Work instruction
What is needed is a word-for-word copy of all the entries, minus the pictures.

Image-caption web data
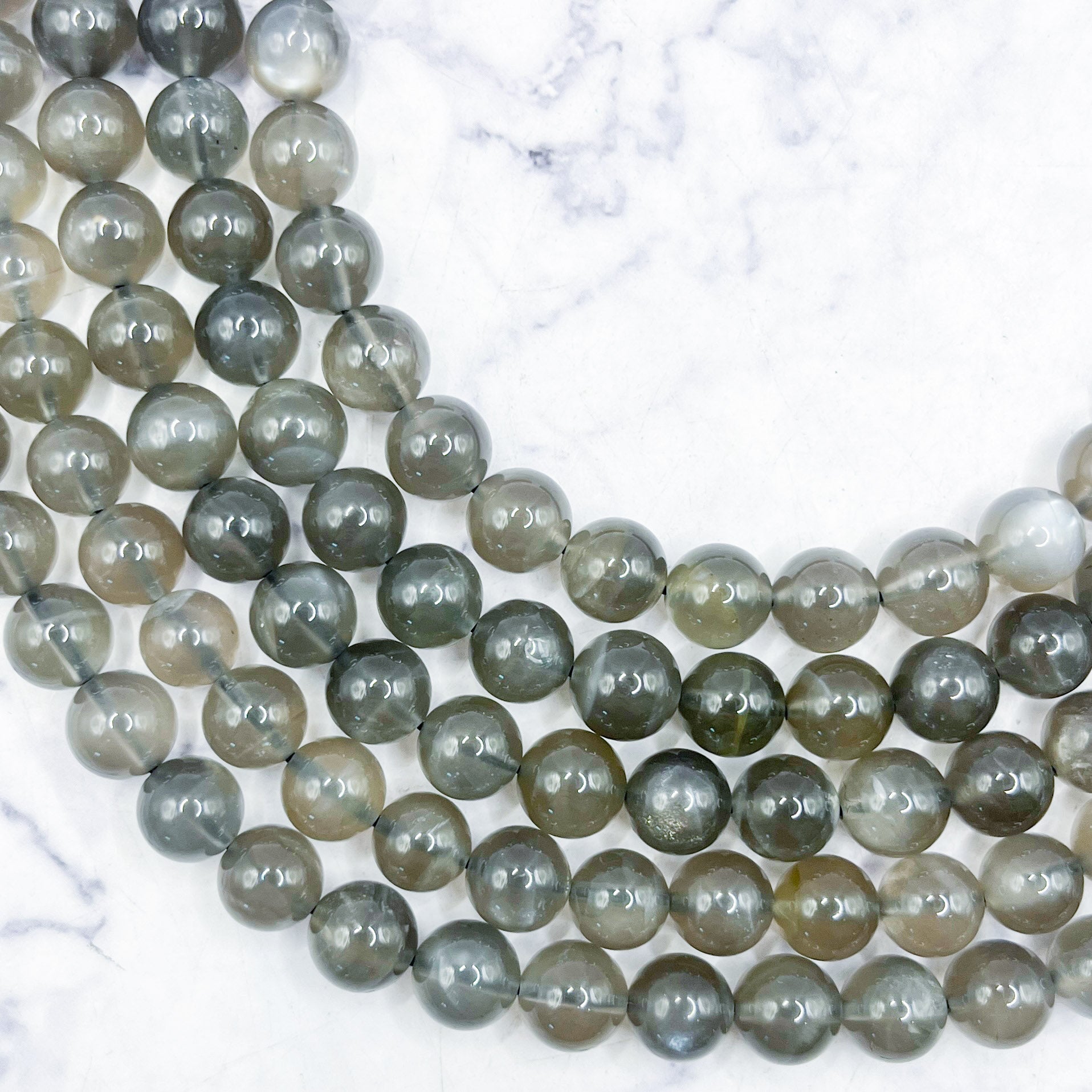8mm Black Moonstone Bead Half Strand P18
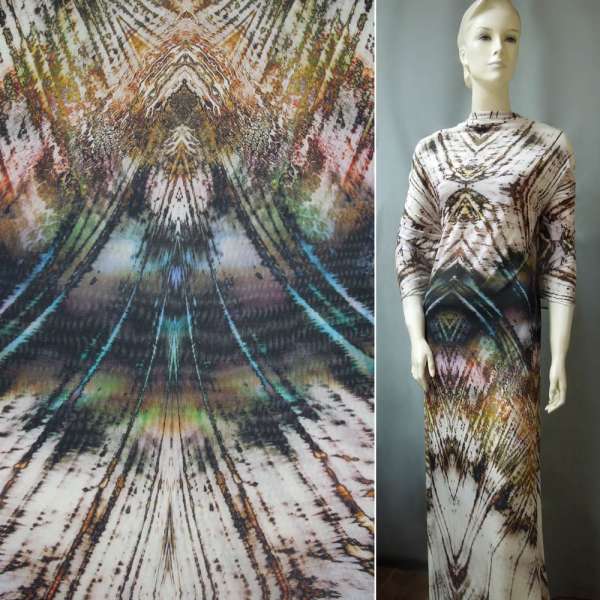 Трикотаж вискозный стрейч молочный с серо-рыжей абстракцией ш.140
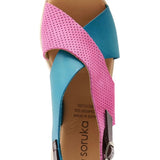 Pink and blue wedge with a beige sole, brown heel strap and buckle closure top view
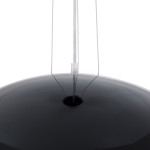 GloboStar® SERENIA BLACK 01270 Μοντέρνο Κρεμαστό Φωτιστικό Οροφής Μονόφωτο 1 x E27 AC220-240V IP20 - Φ60 x Υ30cm - Μαύρο Γύψινο Καμπάνα - 5 Χρόνια Εγγύηση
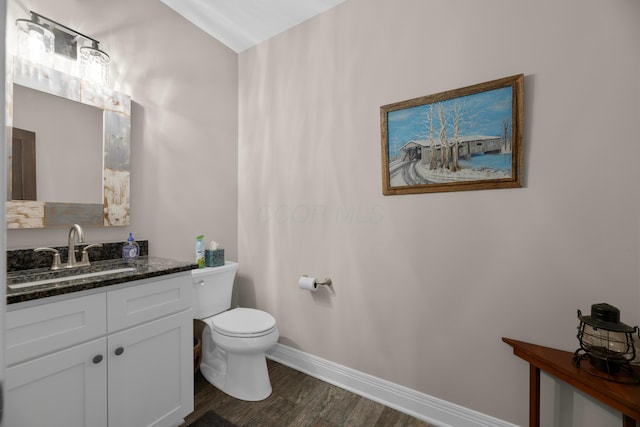 bathroom with vanity, toilet, and hardwood / wood-style floors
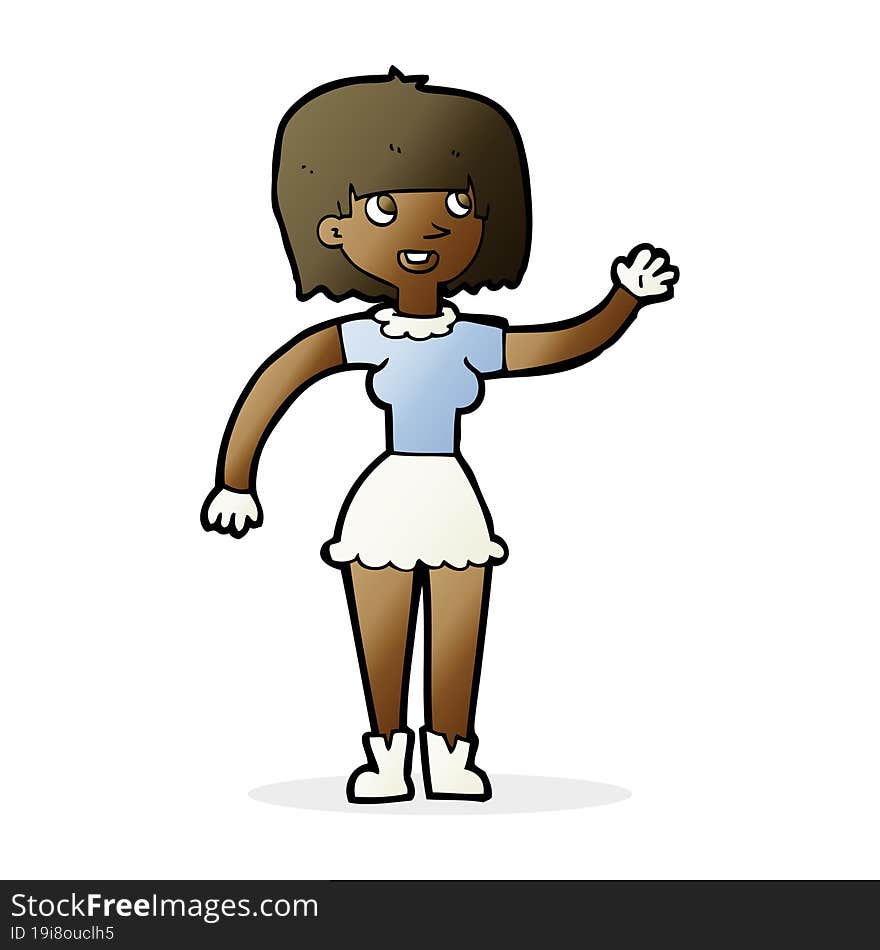 cartoon girl waving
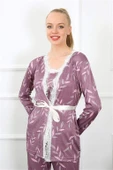 Kadın 3'lü Lila Sabahlık Pijama Takım 16103 - 11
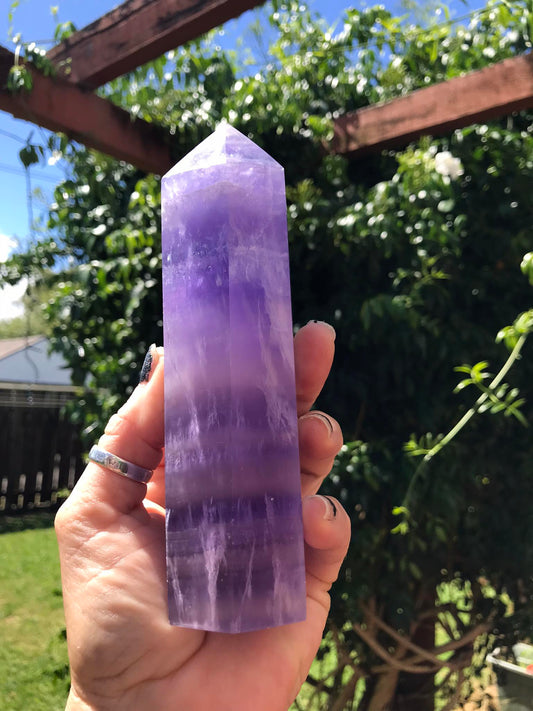 Lavender and Indigo Fluorite Tower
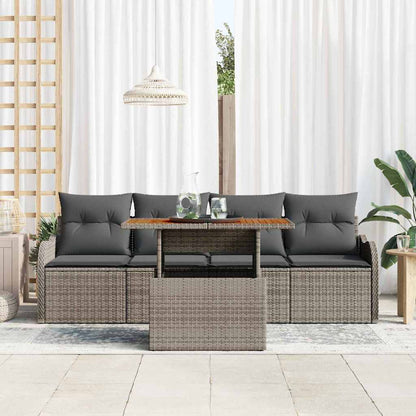 Set Divano da Giardino 5 pcs Grigio Poly Rattan
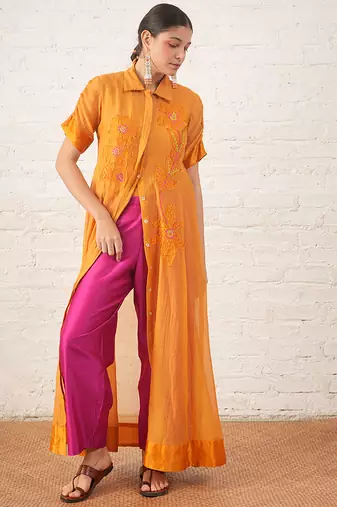 Mustard yellow embroidered chanderi co ord set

Exercise output
8mm Black Moonstone Bead Half Strand P18
 Трикотаж вискозный стрейч молочный с серо-рыжей абстракцией ш.140
 Pink and blue wedge with a beige sole, brown heel strap and buckle closure top view
 GloboStar® SERENIA BLACK 01270 Μοντέρνο Κρεμαστό Φωτιστικό Οροφής Μονόφωτο 1 x E27 AC220-240V IP20 - Φ60 x Υ30cm - Μαύρο Γύψινο Καμπάνα - 5 Χρόνια Εγγύηση
 bathroom with vanity, toilet, and hardwood / wood-style floors
 cartoon girl waving
 Kadın 3'lü Lila Sabahlık Pijama Takım 16103 - 11
 Lavender and Indigo Fluorite Tower
 Set Divano da Giardino 5 pcs Grigio Poly Rattan
 Mustard yellow embroidered chanderi co ord set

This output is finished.